Mülheim. Nach 26 Jahren ist Schluss: Mira Kujundzic und ihr Mann Stipan haben am Freitag zum letzten Mal ihren Kult-Kiosk am Lindgens-Areal geöffnet.
Wie immer ist Mira Kujundzic auch am Freitagmorgen um kurz nach drei Uhr aufgestanden, ist zu ihrem Kiosk an der Lederfabrik gefahren, hat Brötchen geschmiert, um 4.30 Uhr aufgeschlossen. Das Schild „Muttis Büdchen“ aufgehängt. „Normal“, sagt sie. Diesmal aber hat die lebenslustige Büdchenchefin doch eine Träne vergießen müssen.
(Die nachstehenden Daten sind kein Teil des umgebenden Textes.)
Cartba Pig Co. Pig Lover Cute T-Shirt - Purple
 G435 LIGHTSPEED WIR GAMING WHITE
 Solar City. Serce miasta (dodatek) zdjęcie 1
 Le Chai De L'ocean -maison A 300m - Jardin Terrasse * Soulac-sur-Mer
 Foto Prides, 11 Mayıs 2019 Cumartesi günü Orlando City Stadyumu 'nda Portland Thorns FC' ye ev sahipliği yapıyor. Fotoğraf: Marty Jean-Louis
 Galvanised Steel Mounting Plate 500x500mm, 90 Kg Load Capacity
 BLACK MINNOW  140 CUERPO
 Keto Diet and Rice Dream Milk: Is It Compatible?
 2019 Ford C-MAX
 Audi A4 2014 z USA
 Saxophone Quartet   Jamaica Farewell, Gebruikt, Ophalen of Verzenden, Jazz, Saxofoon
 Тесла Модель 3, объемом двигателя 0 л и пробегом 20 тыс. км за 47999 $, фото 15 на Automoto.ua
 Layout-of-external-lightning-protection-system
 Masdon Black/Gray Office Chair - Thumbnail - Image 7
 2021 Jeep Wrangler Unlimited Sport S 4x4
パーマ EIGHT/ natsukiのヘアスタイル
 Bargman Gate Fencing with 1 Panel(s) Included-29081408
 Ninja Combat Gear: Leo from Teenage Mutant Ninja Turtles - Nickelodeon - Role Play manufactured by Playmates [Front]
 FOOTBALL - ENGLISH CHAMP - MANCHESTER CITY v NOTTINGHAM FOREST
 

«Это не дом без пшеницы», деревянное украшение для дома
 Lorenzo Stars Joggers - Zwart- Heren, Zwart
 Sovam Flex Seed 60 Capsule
Denn heute ist der letzte Tag für den Kultkiosk zwischen Heuweg und Düsseldorfer Straße.
„Love more“ trägt Mira auf ihrer Bluse wie ein neues Lebensmotto – für mehr Liebe und das Leben ist ab morgen mehr Zeit. Und selbst der winterliche Ruhrgebietsregen, der für die Jahreszeit viel zu warm ist, scheint einen tröstenden Abschiedsreigen zu spielen: Es war eine gute Zeit – kein Bedauern, Blick nach vorne.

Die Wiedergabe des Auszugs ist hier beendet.